» EXTRACTED ENTRIES
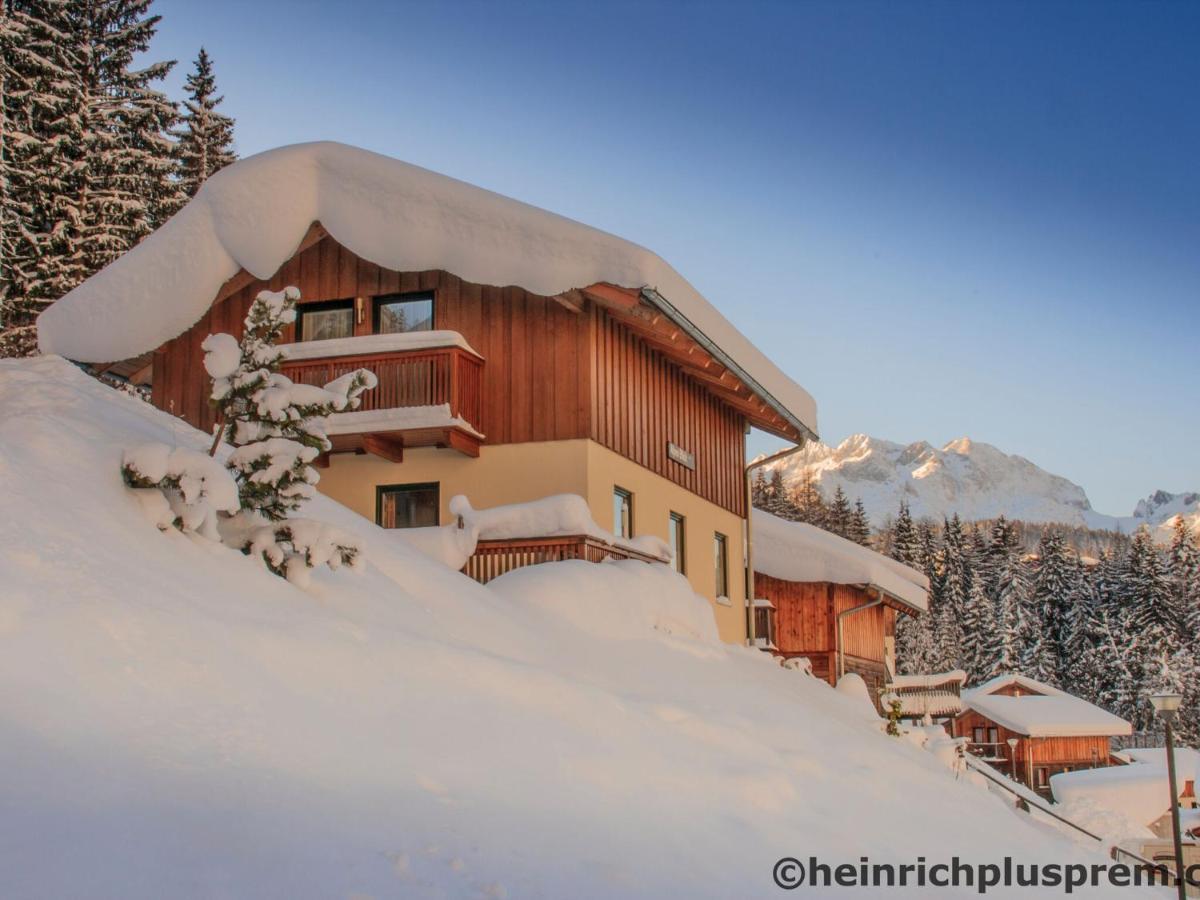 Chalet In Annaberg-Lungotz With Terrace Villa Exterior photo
---
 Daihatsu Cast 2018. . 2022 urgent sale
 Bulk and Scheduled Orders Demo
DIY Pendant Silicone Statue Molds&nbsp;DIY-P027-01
--
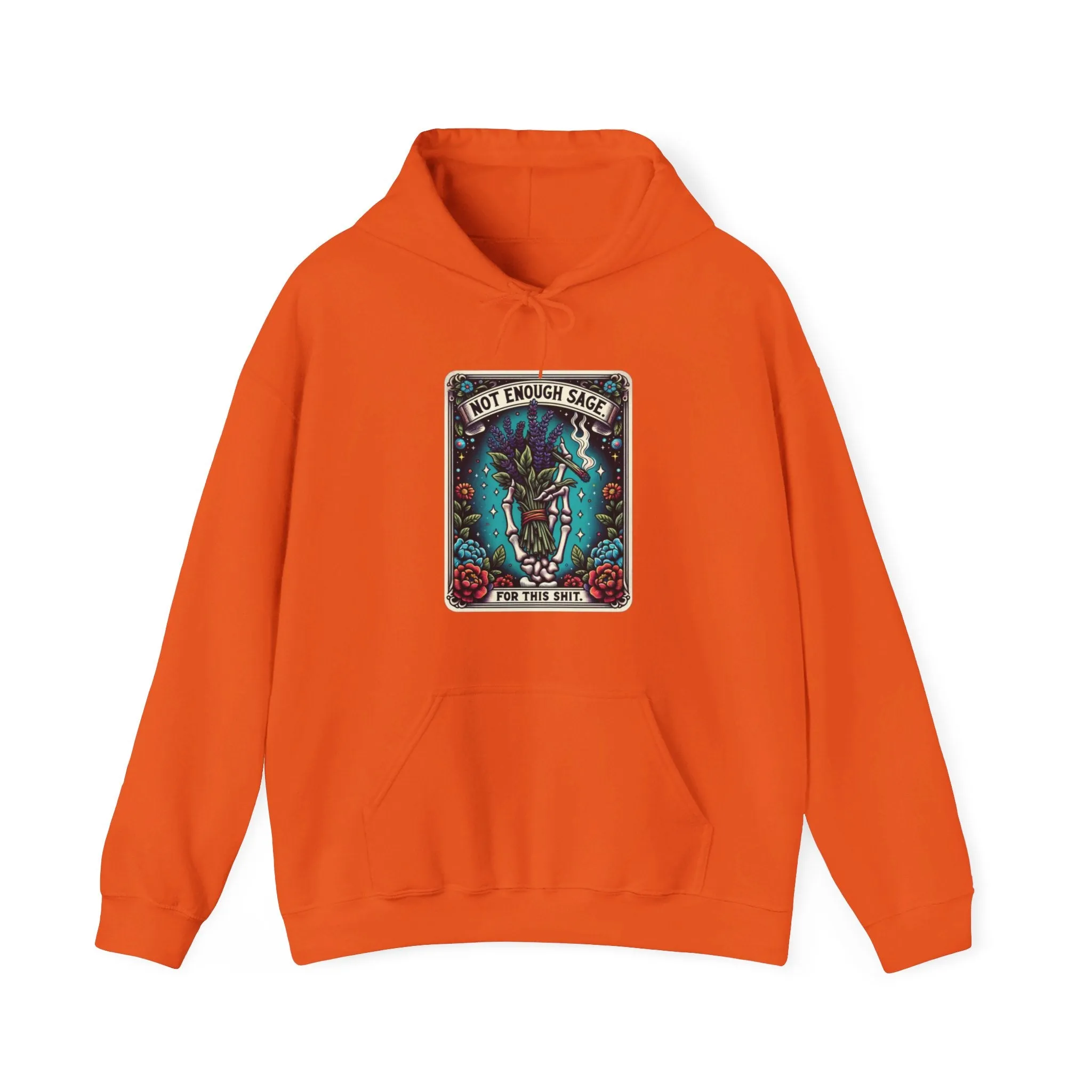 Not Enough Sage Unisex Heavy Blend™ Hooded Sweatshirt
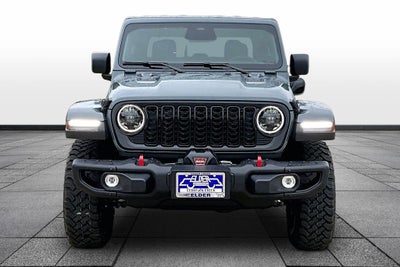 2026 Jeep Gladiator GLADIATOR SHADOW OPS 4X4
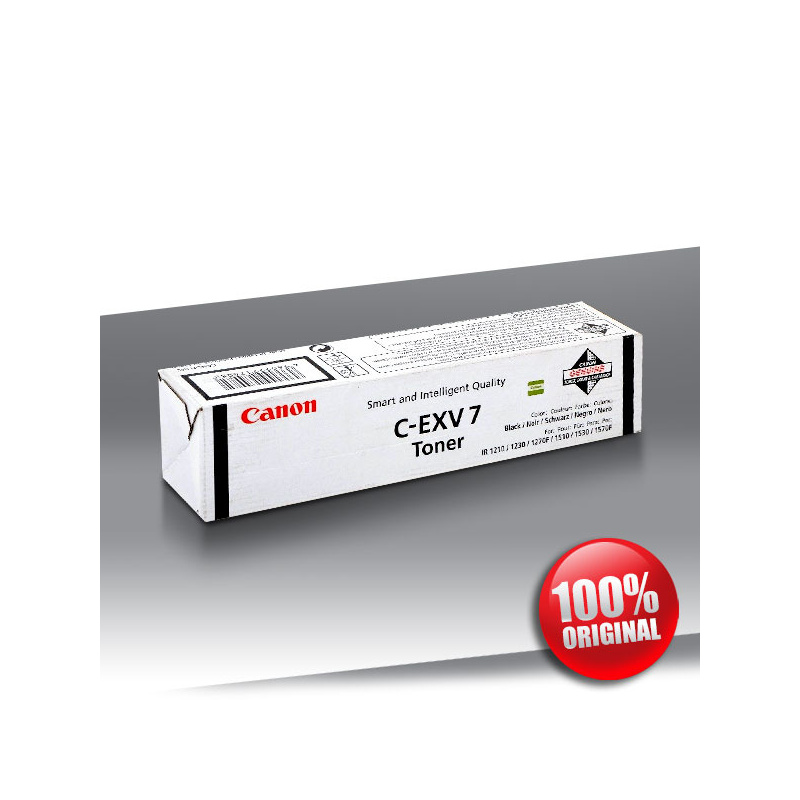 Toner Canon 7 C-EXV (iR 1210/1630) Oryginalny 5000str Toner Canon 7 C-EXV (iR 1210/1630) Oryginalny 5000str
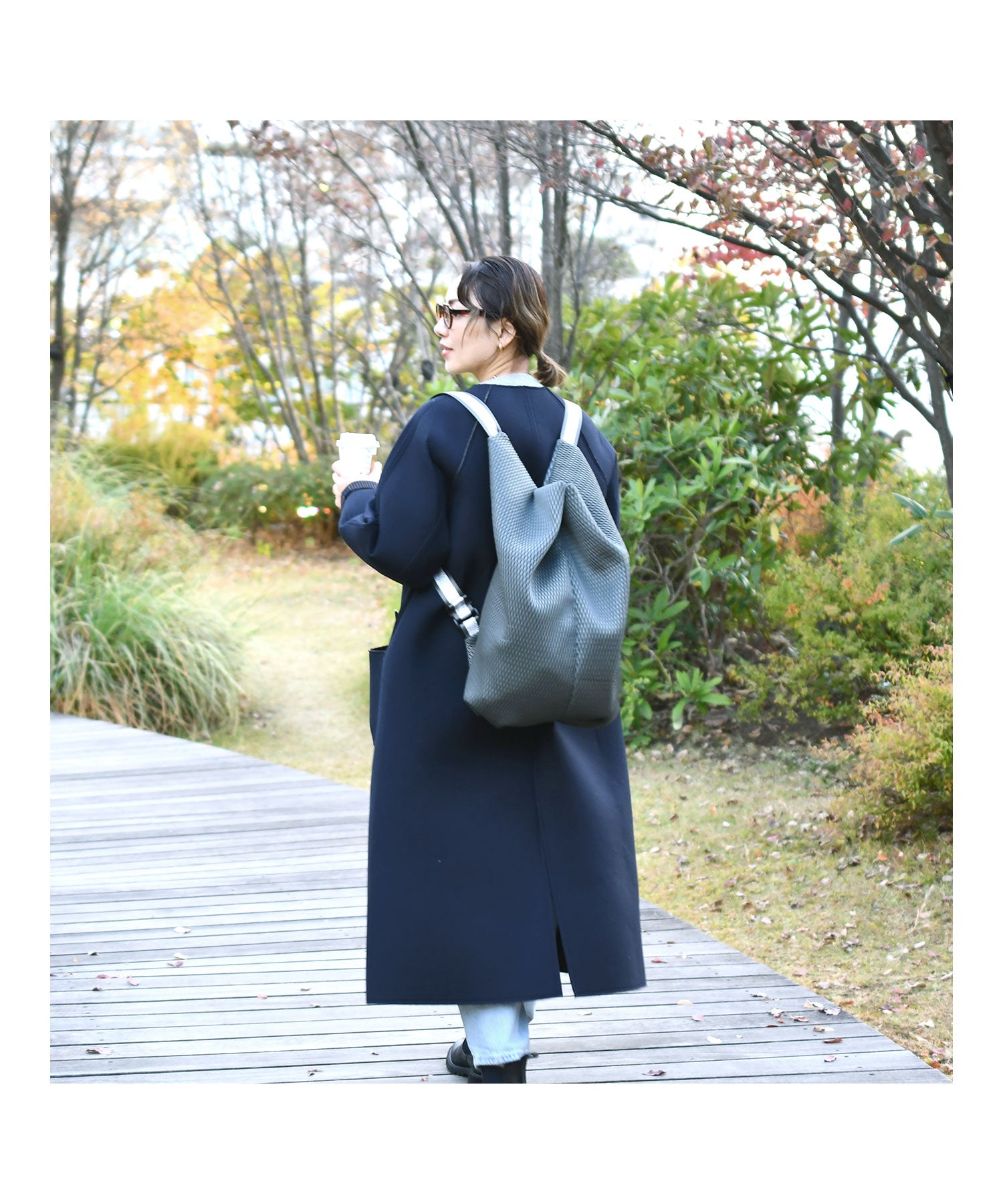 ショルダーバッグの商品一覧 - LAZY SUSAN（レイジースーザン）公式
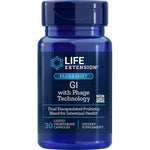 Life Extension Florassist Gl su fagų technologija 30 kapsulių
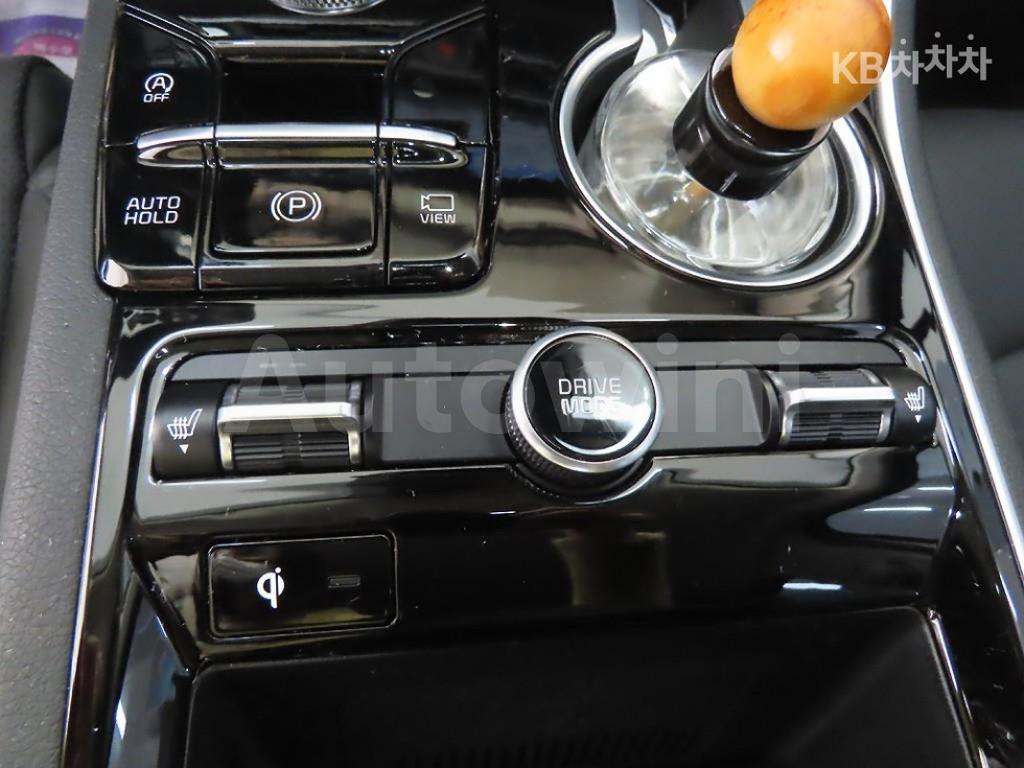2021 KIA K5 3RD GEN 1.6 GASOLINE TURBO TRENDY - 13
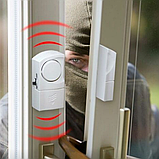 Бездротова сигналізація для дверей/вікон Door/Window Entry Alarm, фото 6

» WORK REQUEST
Copy the lines of the data above exactly as written, beginning with the line containing "Daihatsu Cast 2018. . 2022 urgent sale" and ending with the line containing "DIY Pendant Silicone", and leave out all other lines.

» RESULT
 Daihatsu Cast 2018. . 2022 urgent sale
 Bulk and Scheduled Orders Demo
DIY Pendant Silicone Statue Molds&nbsp;DIY-P027-01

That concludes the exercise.